HipHopWired Featured Video

Details have emerged that the U.S. Agency for International Development (USAID) did far more clandestine work than previously thought. While it came out earlier this year the agency tried to implement a “Cuban Twitter,” it also tried to use Hip-Hop to overthrow Cuba‘s government.

The Associated Press reported Thursday that the USAID attempted to recruit rising Hip-Hop artists in Cuba who have been critical of its Communist regime. These rap activists had no idea that they were being groomed by the USAID for an attempted government takeover, but it appears the agency’s plan was poorly constructed and ultimately undone.

More from the AP:

The idea was to use Cuban musicians “to break the information blockade” and build a network of young people seeking “social change,” documents show. But the operation was amateurish and profoundly unsuccessful.

On at least six occasions, Cuban authorities detained or interrogated people involved in the program; they also confiscated computer hardware, and in some cases it contained information that jeopardized Cubans who likely had no idea they were caught up in a clandestine U.S. operation. Still, contractors working for the U.S. Agency for International Development kept putting themselves and their targets at risk, the AP investigation found.

They also ended up compromising Cuba’s vibrant hip-hop culture — which has produced some of the hardest-hitting grassroots criticism since Fidel Castro came to power in 1959. Artists that USAID contractors tried to promote left the country or stopped performing after pressure from the Cuban government, and one of the island’s most popular independent music festivals was taken over after officials linked it to USAID.

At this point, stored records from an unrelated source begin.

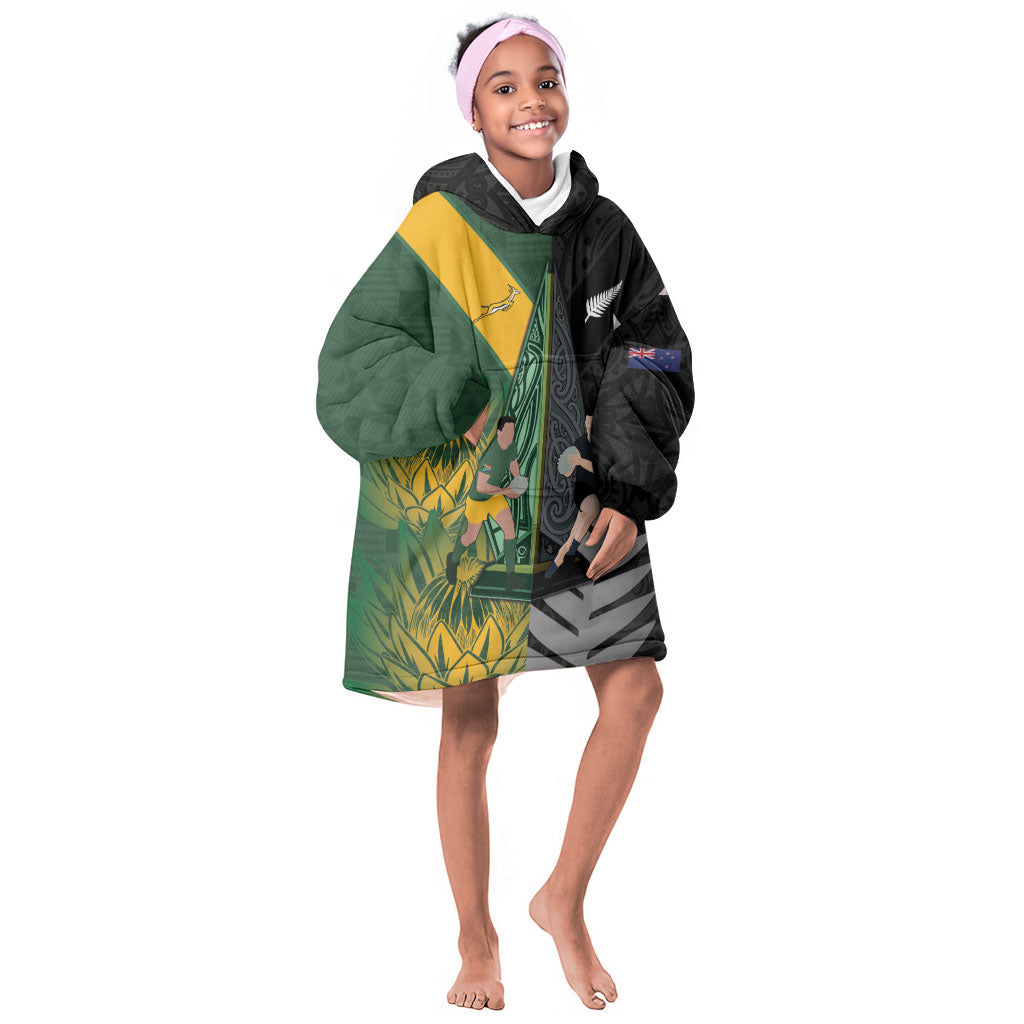 New Zealand and South Africa Rugby Custom Kid Wearable Blanket Hoodie Ultimate Rivalry All Black Springboks
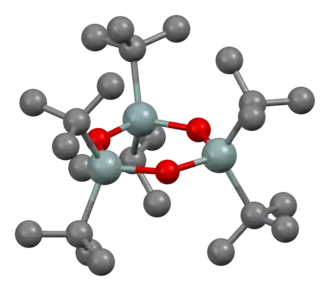 Ball-and-stick model for (&nbsp;((CH3)3C)2SnO)3.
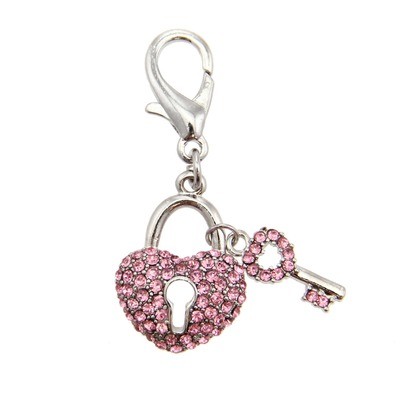 Pave Key to My Heart Collar Charm - Pink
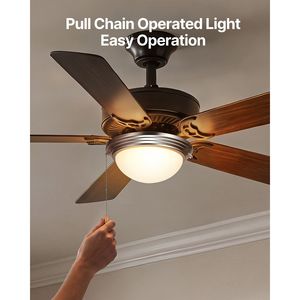 Kit Moderno di Ventilatore da Soffitto con Luce 750lm 3000K, Catena a Tiro e 2 Lampadine LED per Soggiorno e Sala da Pranzo - Product Image 6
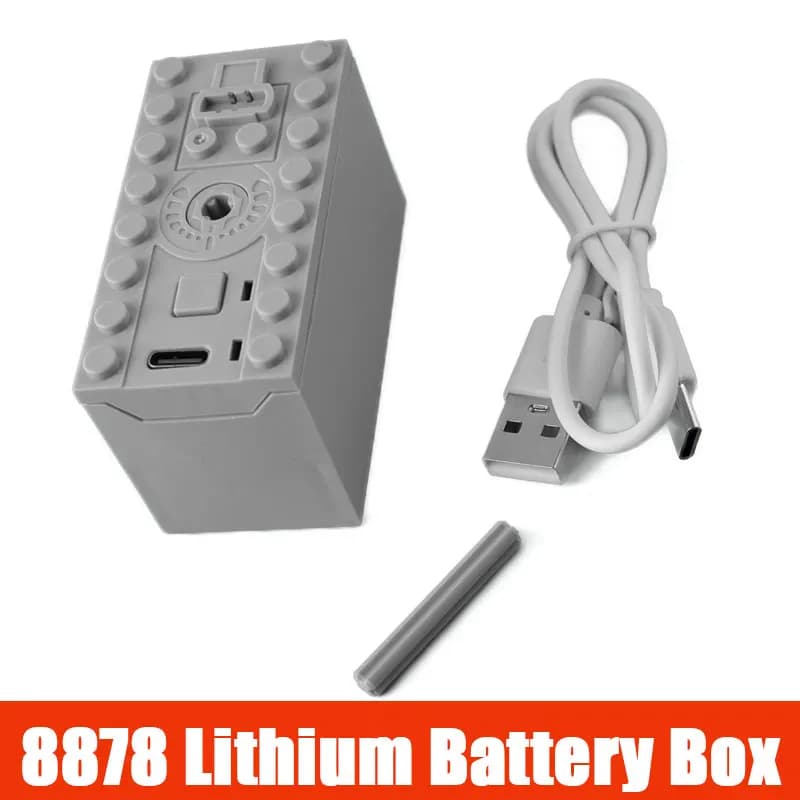 8878 Rechargeable Lithium Battery Box With Type-C Port Multi Power Functions Speed Control Parts For Technical Car Train Blocks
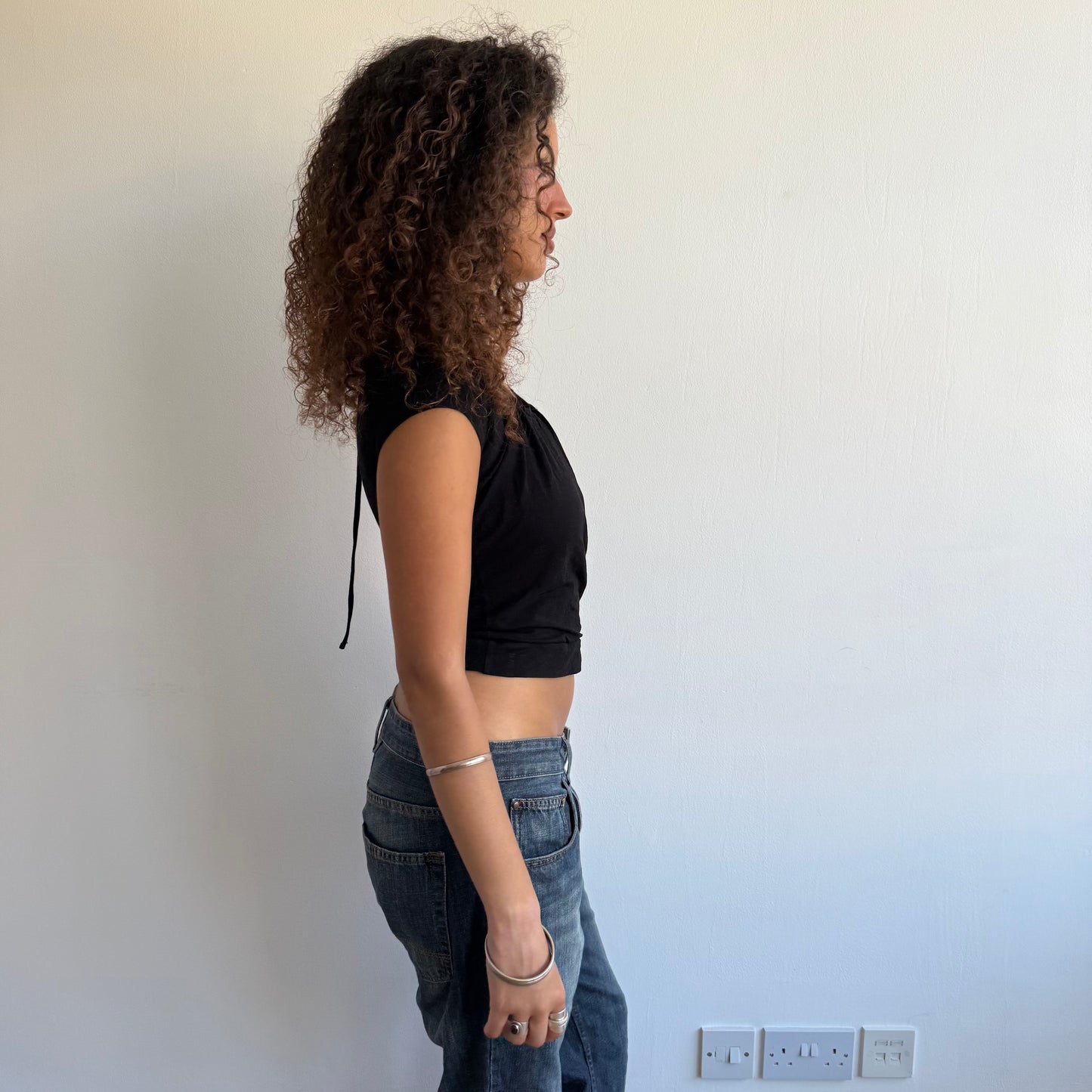 Black double layer wrap halter top - Size S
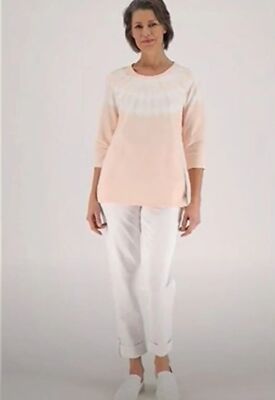 Sport Savvy Tie-Dye French Terry 3/4 Sleeve Shirt Seashell Pink L New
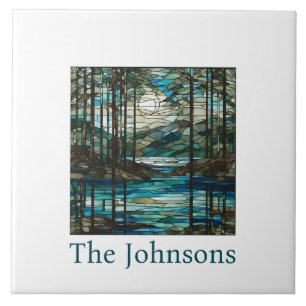 Personalised Faux Stained Glass Lake Landscape Tile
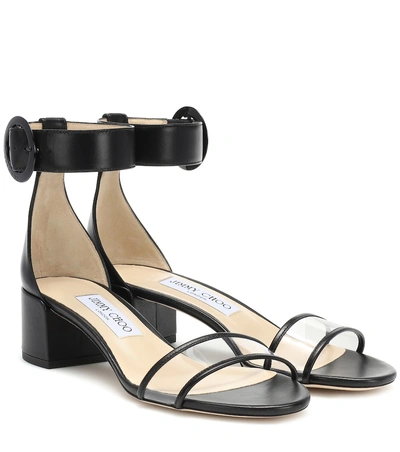 Shop Jimmy Choo Jaimie 40 Leather Sandals In Black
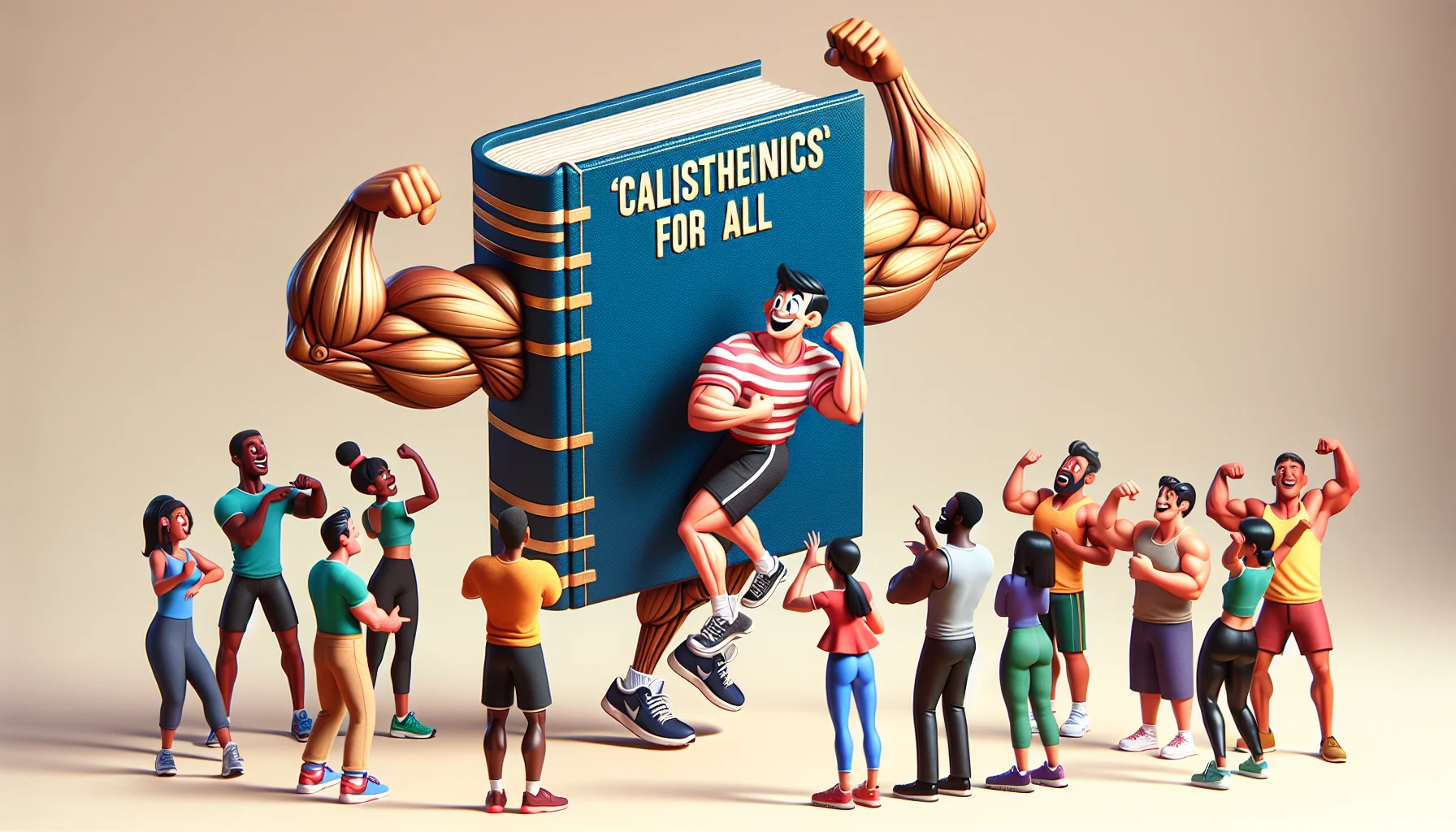Create an image of a humorous scenario featuring a book on calisthenics that inspires people to exercise. In the scene, an animated book is standing upright on one corner, flexing its 'muscular' pages, imitating a human exercising. The title of the book 'Calisthenics for All' is clearly noticeable. Nearby, a group of human characters, consisting of a Hispanic male, a Caucasian female, a South Asian female, and a black male are watching in amusement and awe. Some are laughing and pointing, others are mimicking the book, pretending to flex their muscles while looking eager to start exercising.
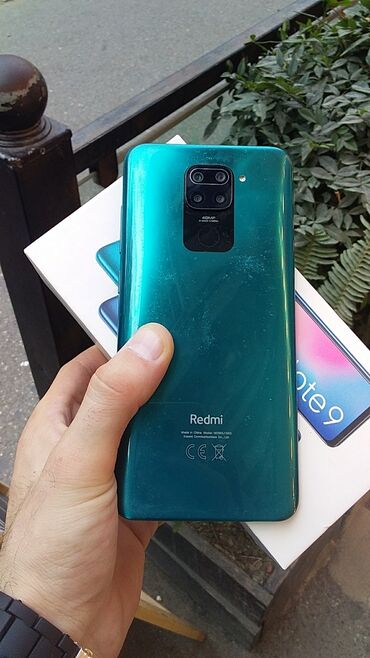 xiaomi note 9 s qiymeti: Xiaomi Redmi Note 9, 64 GB, rəng - Yaşıl, 
 Barmaq izi, Face ID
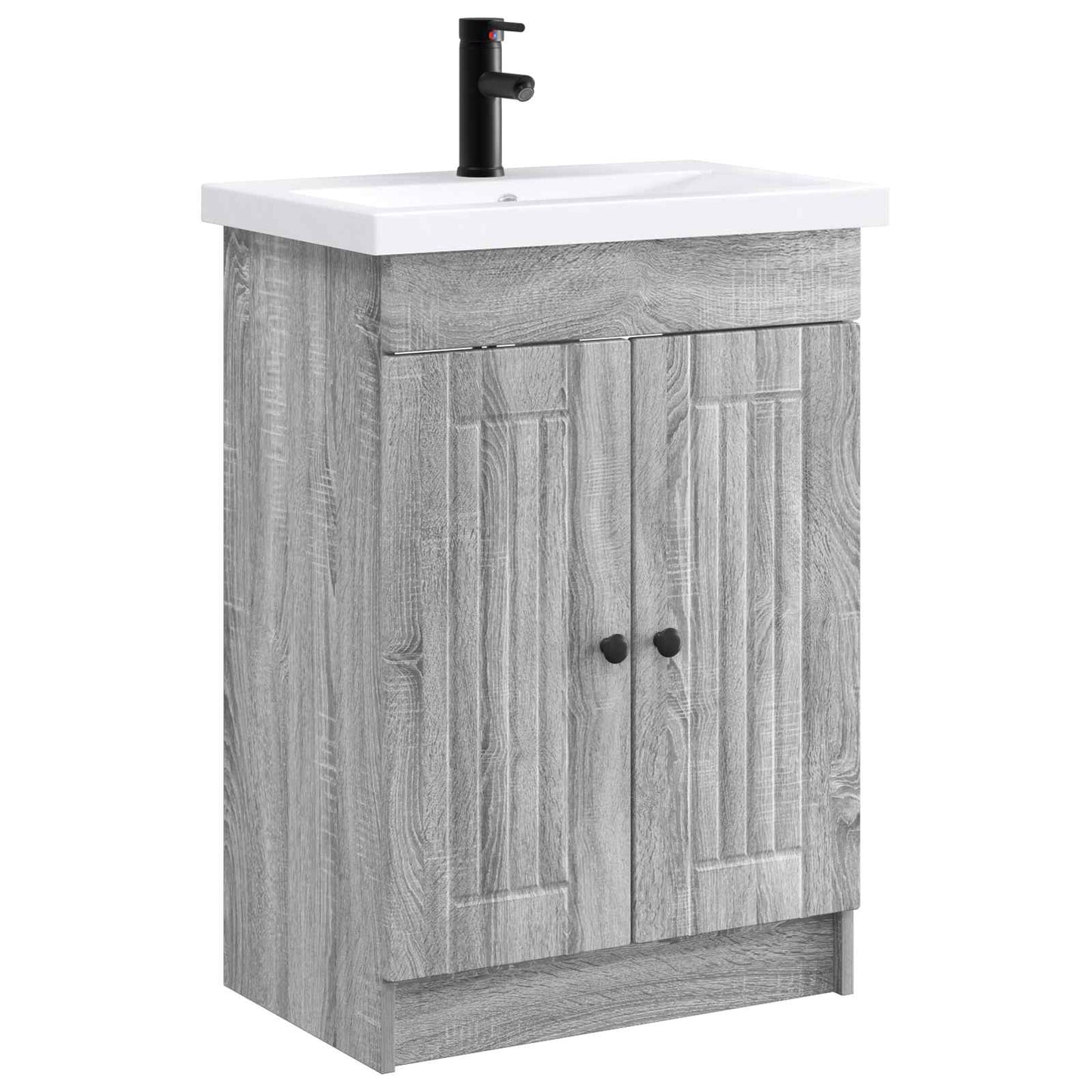 Badezimmermöbel-Set Grau Sonoma 56 x 37,5 x 81 cm Holzwerkstoff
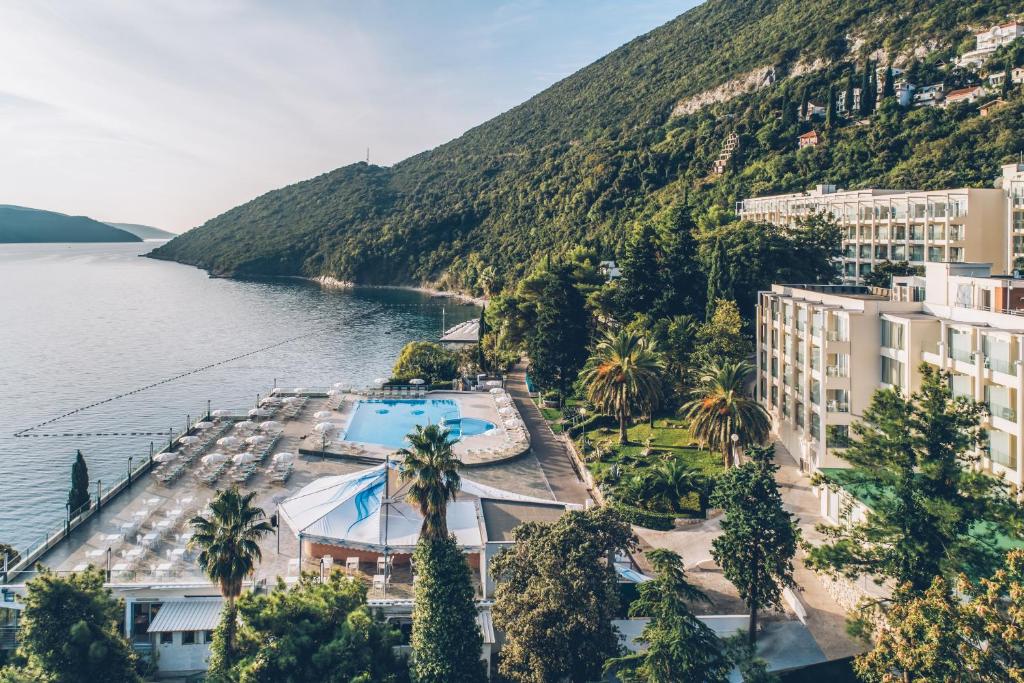 an aerial view of a resort and a body of water at Iberostar Herceg Novi All Inclusive in Herceg-Novi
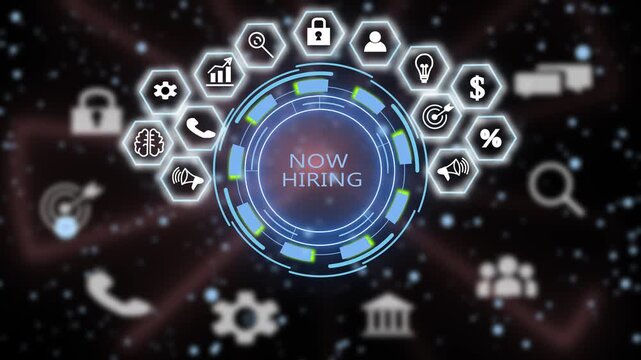 Dynamic now hiring digital interface with animated business and corporate recruitment symbols for human resources, talent acquisition, job search, and career development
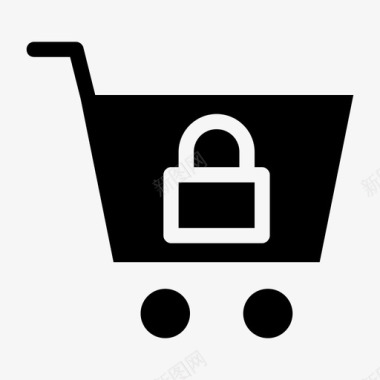 购物车锁电子商务市场图标图标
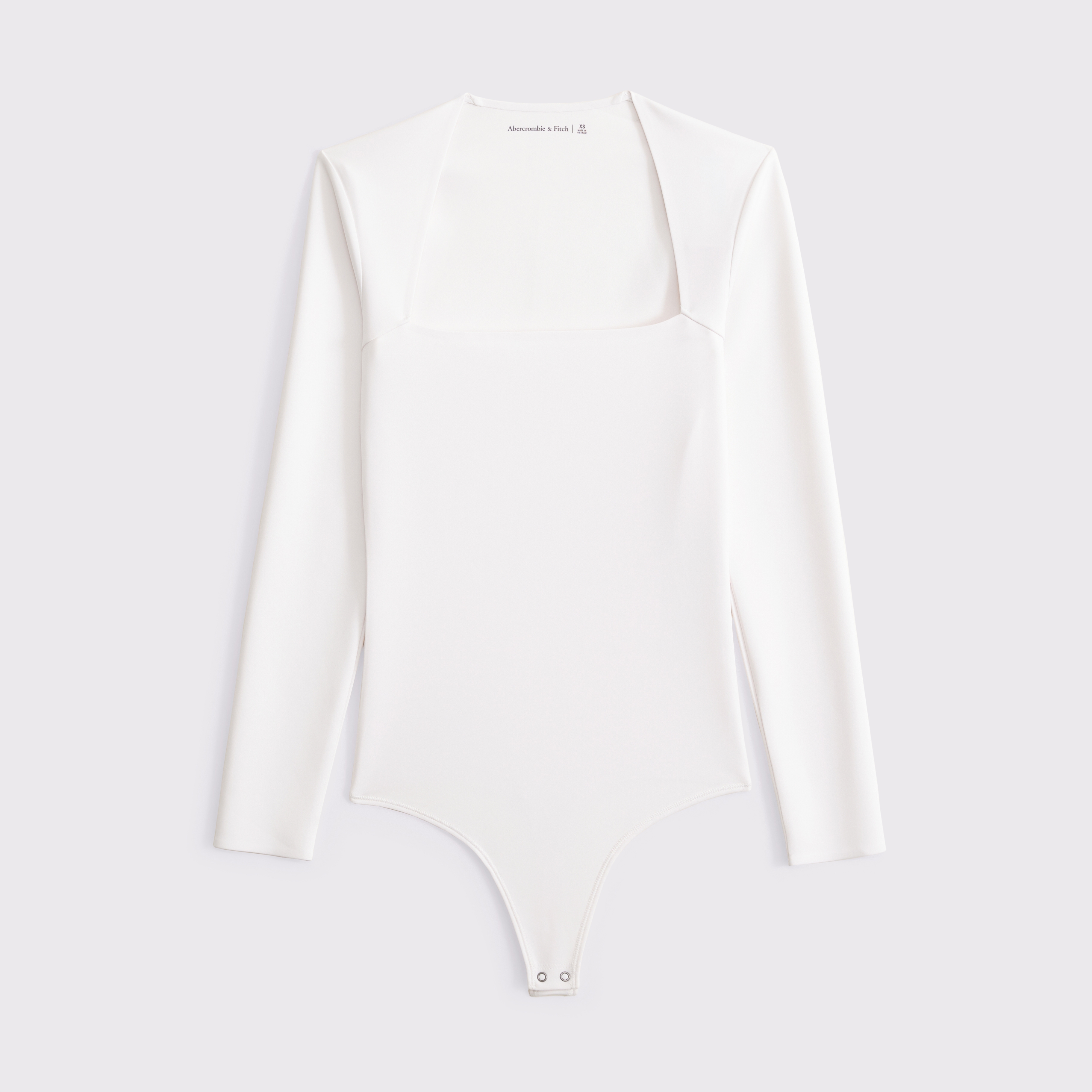 Abercrombie & Fitch The A&f Ava Long-sleeve Sculpt Matte Bodysuit In White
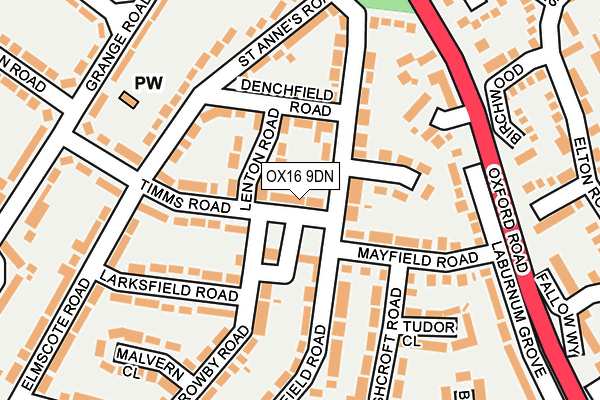 OX16 9DN map - OS OpenMap – Local (Ordnance Survey)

In documents also obtained by the AP, it revealed that Washington, D.C. contractor Creative Associates International paid millions to disrupt Cuba’s Communist government. These documents showed emails, expense reports, photos and other damning evidence. It also made mention of the “Cuban Twitter” or ZunZuneo.

The USAID issued a statement Wednesday denying that they engaged in any secret or covert operations. The agency asserted whatever programs they enacted were aimed at promoting civic engagement in Cuba where that type of activity is frowned upon.